___ Records provided

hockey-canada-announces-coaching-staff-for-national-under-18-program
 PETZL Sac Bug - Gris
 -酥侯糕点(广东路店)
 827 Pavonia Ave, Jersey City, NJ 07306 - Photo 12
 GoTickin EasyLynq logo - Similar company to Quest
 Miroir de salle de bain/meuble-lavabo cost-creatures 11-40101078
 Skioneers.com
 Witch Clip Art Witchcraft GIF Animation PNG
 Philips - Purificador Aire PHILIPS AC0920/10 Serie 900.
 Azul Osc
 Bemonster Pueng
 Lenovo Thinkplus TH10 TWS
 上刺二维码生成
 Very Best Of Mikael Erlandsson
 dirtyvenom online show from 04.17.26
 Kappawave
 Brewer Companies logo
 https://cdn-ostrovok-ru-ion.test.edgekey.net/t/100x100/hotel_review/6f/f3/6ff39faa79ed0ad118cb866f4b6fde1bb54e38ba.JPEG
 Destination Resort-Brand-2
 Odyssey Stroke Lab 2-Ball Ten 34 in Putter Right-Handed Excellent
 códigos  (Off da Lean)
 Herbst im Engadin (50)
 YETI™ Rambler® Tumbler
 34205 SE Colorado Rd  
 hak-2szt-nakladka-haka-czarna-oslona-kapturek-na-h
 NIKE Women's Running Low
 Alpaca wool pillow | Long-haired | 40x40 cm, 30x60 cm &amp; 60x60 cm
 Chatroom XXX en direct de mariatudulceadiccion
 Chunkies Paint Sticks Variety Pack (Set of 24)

______

● Work instructions:
Your answer should consist of the lines from the line with "YETI™ Rambler® Tumbler" through the last line of the data, set down exactly, both included.

● Task response:
 YETI™ Rambler® Tumbler
 34205 SE Colorado Rd  
 hak-2szt-nakladka-haka-czarna-oslona-kapturek-na-h
 NIKE Women's Running Low
 Alpaca wool pillow | Long-haired | 40x40 cm, 30x60 cm &amp; 60x60 cm
 Chatroom XXX en direct de mariatudulceadiccion
 Chunkies Paint Sticks Variety Pack (Set of 24)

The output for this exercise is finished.